[映画紹介]




蟻の兵隊
池谷 薫 監督作品
香港国際映画祭 人道に関する優秀映画賞受賞

 2001年5月、元日本兵13名が総務庁恩給局を相手に恩給の支給を求めて裁判闘争に立ち上がった。

 提訴時点で原告は最年少で77歳、ほとんどが80歳以上であった。この裁判闘争はメディアや平和運動、政党・団体などの支援もなく、ほとんど孤立無援の闘いをしていた。

 この原告団の最年少、奥村和一がドキュメント映画「蟻の兵隊」の主人公である。監督の池谷薫は、穏和な顔立ちをした奥村さんが、「山西省残留」の話になると「コンチクショーと思っています」という、その怒りっぷりに「惚れた」という。

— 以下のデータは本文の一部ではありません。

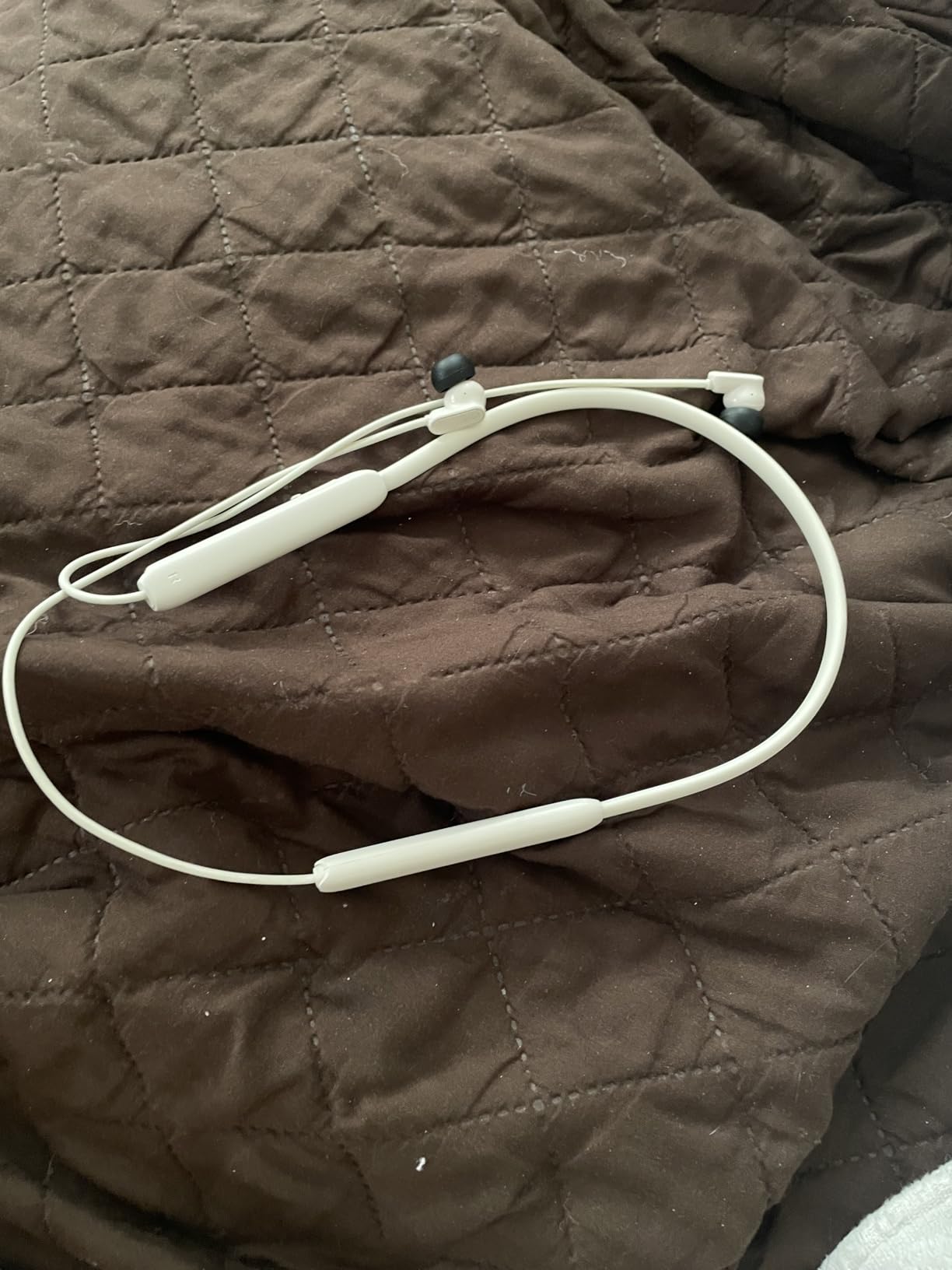 N18 Neckband Bluetooth Earbuds, Wireless Bluetooth 5.2 Headphones with Microphone, Ultra-Lightweight Comfort, IPX7 Waterproof, Deep Bass Strong Beat, 20H Playtime, Magnetic Earphones (Black) - Customer Photo 2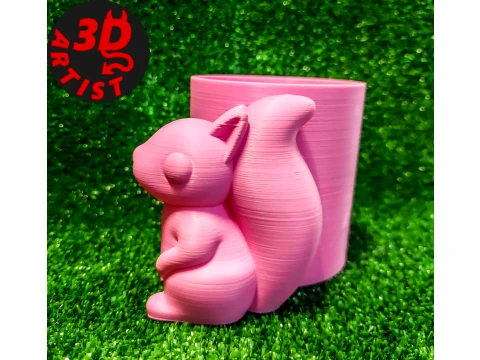 Pretty Squirrel Pen Holder 3D Print Model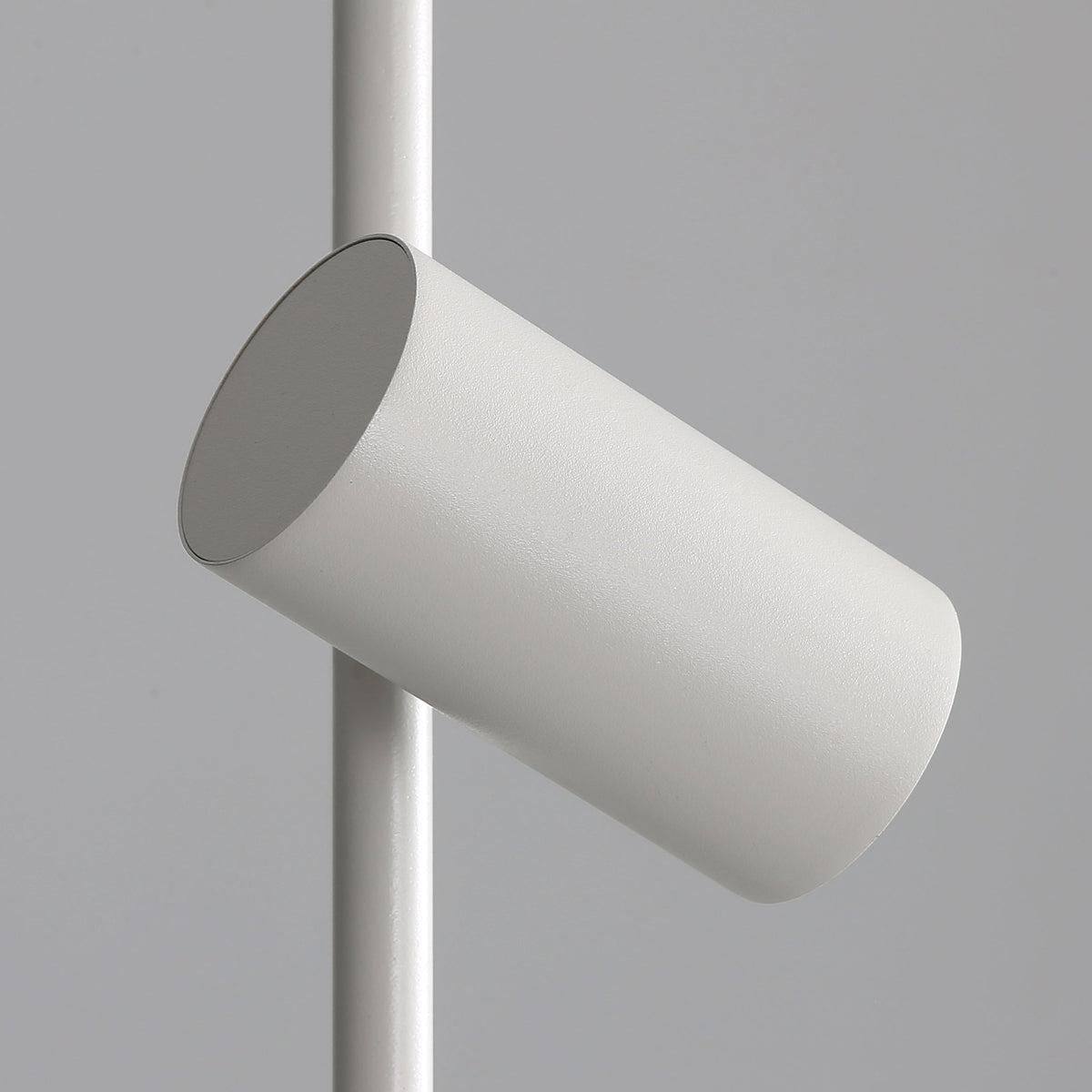 Lámpara de pie Tesaro con dos focos orientables – detalle del foco blanco orientado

 日本軍山西省残留問題とは、帝国主義日本が1945年ポツダム宣言を受諾し降伏した時、中国山西省に駐屯していた将兵59,000人のうちの約2600人が敗戦後3年半もの間、中国国民党軍と共に共産軍との戦闘を続け中国に残留した問題である。残留した彼らは帰国後、「自発的意思により現地除隊」したという扱いで日本軍兵士としての補償を一切受けられなかったのである。
 何故、彼らが敗戦後も中国に残り戦闘を続けなければならなかったのか。これが奥村ら原告達が「コンチクショー」と怒る最大の問題である。 

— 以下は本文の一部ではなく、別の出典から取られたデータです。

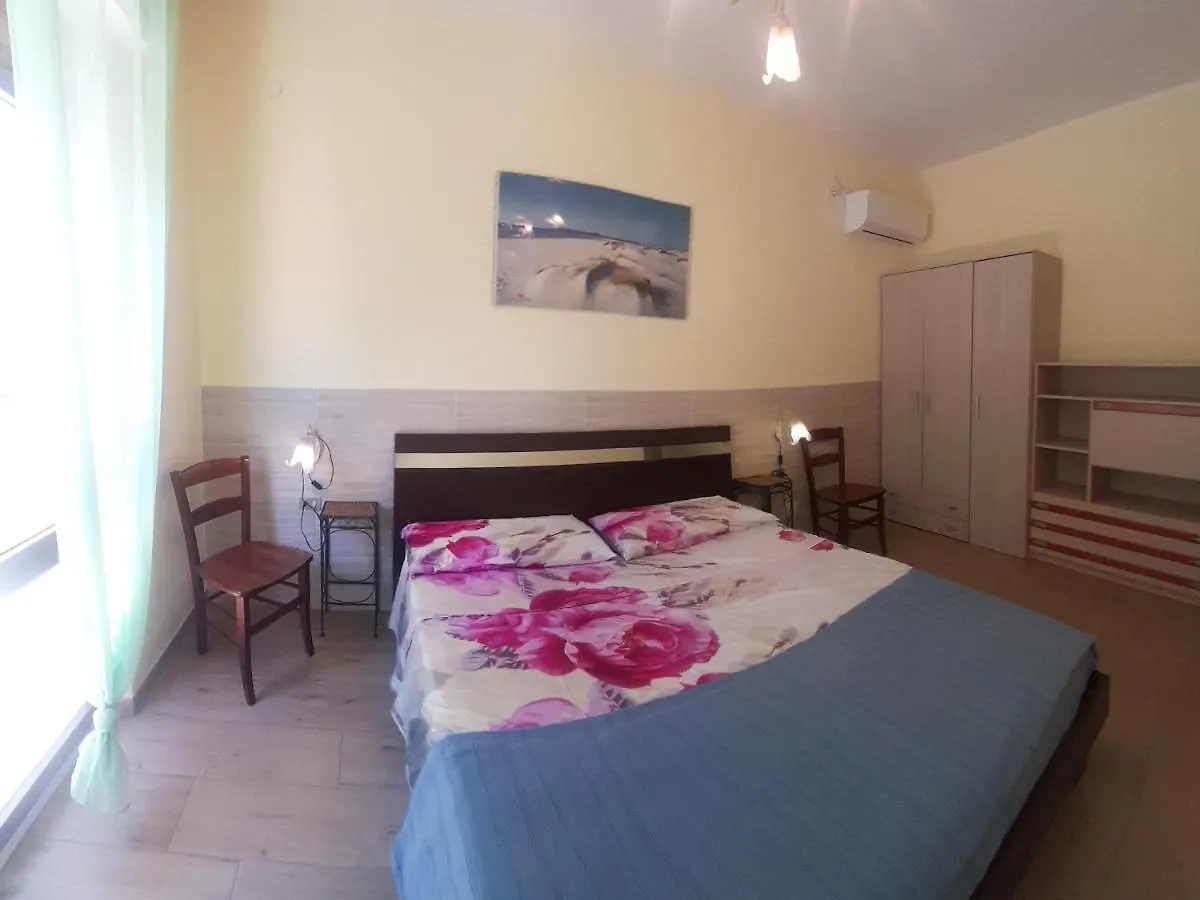 فندق مبيت وإفطار كاربونيا Casa Vacanze
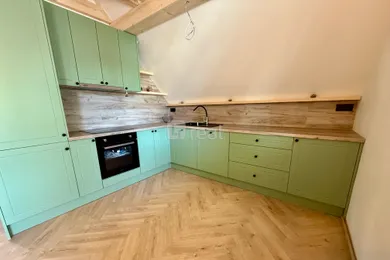 Na predaj 3-izbový byt, 70 m², Ivanka pri Dunaji, Okružná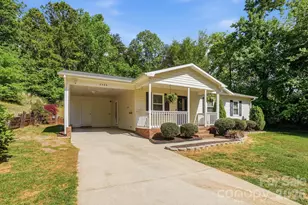 3444 N Oxford St, Claremont, NC 28610 - Photo 3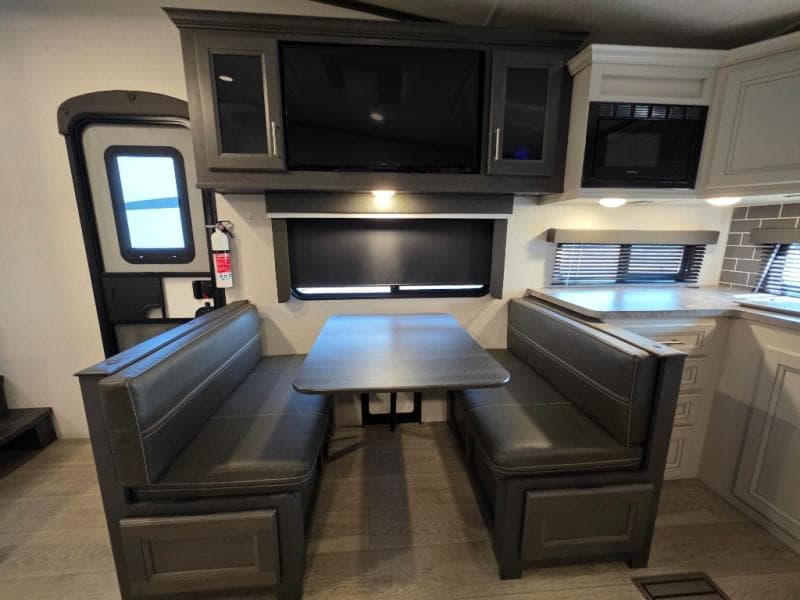 2025 Keystone 2025 Keystone Cougar Half-Ton - thumbnail 25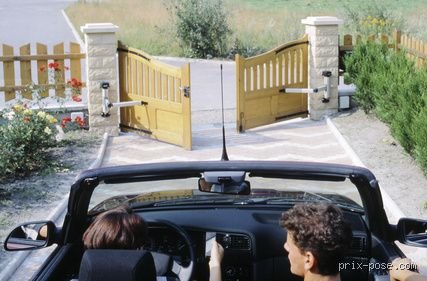 Est-ce que la loi française autorise l'ouverture d'un portail sur la rue ?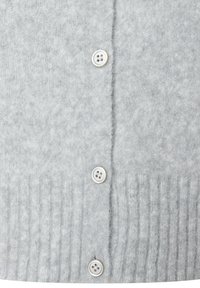 Graue Wollstrickjacke mit strukturierter Maschenware, fünf weißen Knöpfen und einem gerippten Saum. Das Material wirkt weich und warm.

 彼らの最高司令官である北支派遣軍第1軍司令官・澄田●四郎(すみたらいしろう:●は貝へんに來)が戦犯訴追を逃れるために、国民党系軍閥の閻錫山(えんしゃくざん)と取引し、国民党軍として闘わせるために日本軍兵士を命令により残留させたというのである。

奥村和一が真実をもとめて国内と中国を調査して行く。
その1シーン1シーンが事実であるのだが驚きに満ちたドラマだ。

 奥村は何故自分たちが残留兵として闘わなければならなくなったのか、その証拠を求めて事実を追究してゆく。しかしその真実を追究する対象はそれだけにとどまらない。自分たちは中国人民に対してどのようにひどいことをしたのか。そもそもあの戦争はなんだったのか。その真実を追求する対象はついに、奥村自身が「肝試し」として中国人を銃剣で突き殺したことにもおよぶ。初年兵の肝試しのために「処刑された」中国人はどのような状況でそうなったのか。

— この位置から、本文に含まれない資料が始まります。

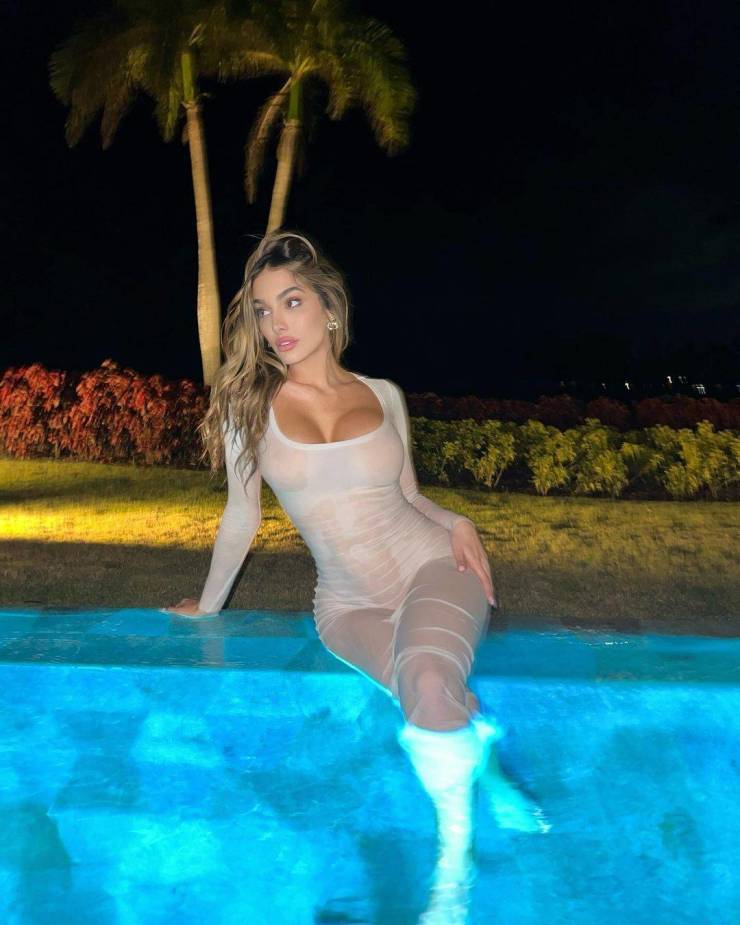 sexy girls in tight dresses 57 pics 2.html - 57 HD Photos | Premium Gallery 2022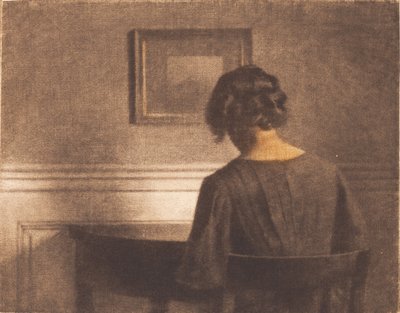 Moça por uma mesa semicircular de Peter Vilhelm Ilsted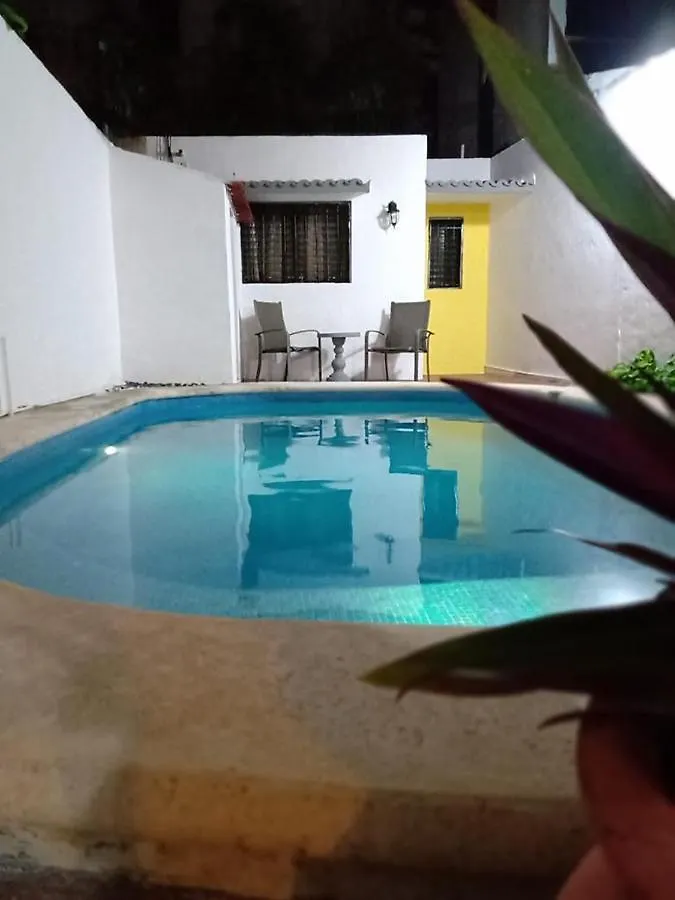 Las Palmas Hostal Cancun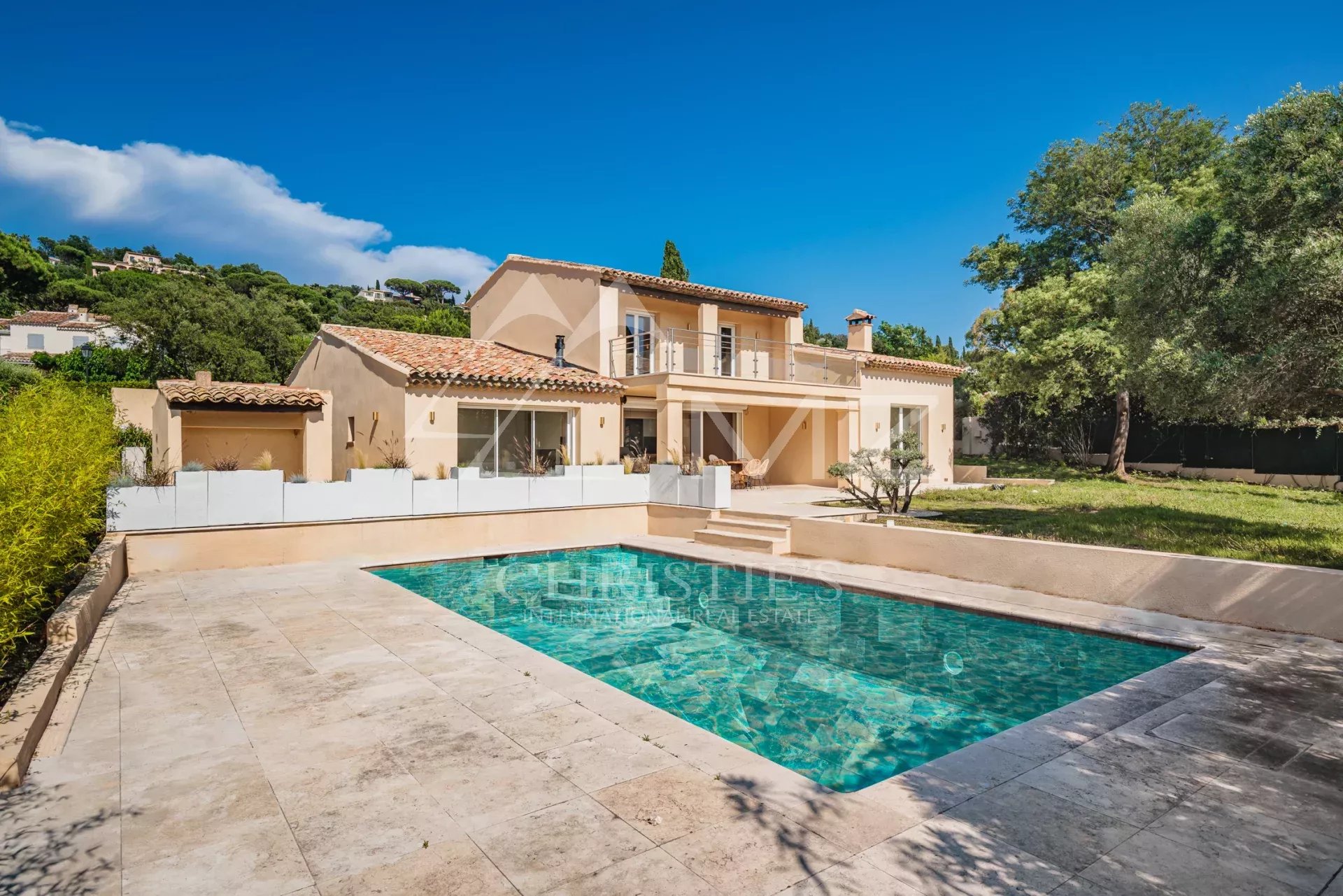 Magnificent contemporary property - Near Saint-Tropez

 真実追求の旅は奥村自身が予想もしなかった、自分自身の中に暗然と残る帝国軍兵士としての自分を再確認し、再度それを反省しなければならない「苦い」真実追求の旅でもあった。

 このように人生の最後の力を全身全霊つぎ込んで真実を追究できるパワーはどこから生まれてくるのだろうか。恩給を求めての金のためではもちろんない。

 自分たちが連れて行かれ闘わされた戦争が侵略戦争であったこと。その結果自分たちがどんなにひどい鬼になって中国人を苦しめたのか。自らの保身のため、そうした兵士をだまして売り渡す司令官の悪辣さ。戦争責任を認めず過去の国家権力、旧軍上層部をまもる政府。そして判決文に署名捺印すらしない裁判官の無責任さ。あの戦争にまつわるこのような全てのことに対する「コンチクショー」という怒りこそがそのパワーの源だ、・・・と私は感じた。